NFT lender bank run points to the volatile nature of the digital gold rush
Long after the Non-Fungible Token (NFT) hype-train started to lose steam, a lending platform got caught with its investing pants down, even as crypto winter continues to hit investors and companies in the wallet.
BendDAO, a lending platform that gives out loans to people who use their own NFTs as collateral, hemorrhaged money so fast that they almost went under, pulling out of a nosedive at just 5 Ethereum, according to Web3 is going just great.

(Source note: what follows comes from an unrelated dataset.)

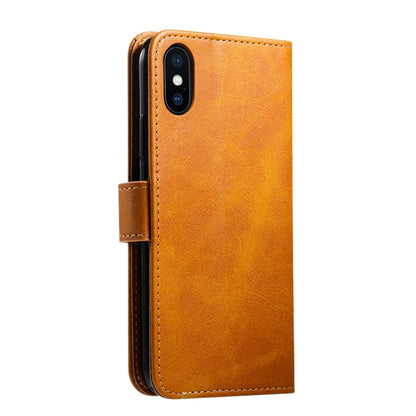 Pour iPhone X / XS Housse en Cuir à Rabat Horizontal Magnétique GUSSIM avec Support & Fentes pour Cartes & Portefeuille (Jaune)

The massive fall to reserves worth just over $8,000 at the time of writing was thanks to a bank run, as users freaked out about the Bored Ape Yacht Club NFTs (among other collections). They pulled their assets off of the lending platform, and by late Sunday, BendDao was left with the equivalent of crypto pennies and a bunch of unwanted NFTs.
It all started because a bunch of loans weren't being paid off, putting the NFTs at risk of being liquidated or sold to make up the unpaid debt.
Fortunately for the project, some users made partial debt repayments on Monday, floating BendDao back away from the red.
"We are sorry that we underestimated how illiquid NFTs could be in a bear market when setting the initial parameters," BendDAO wrote in a new proposal for keeping this sort of bank run from happening again.
Using something volatile and essentially worthless like NFTs as collateral for a loan is brave at best, and borderline financial stupidity at worst.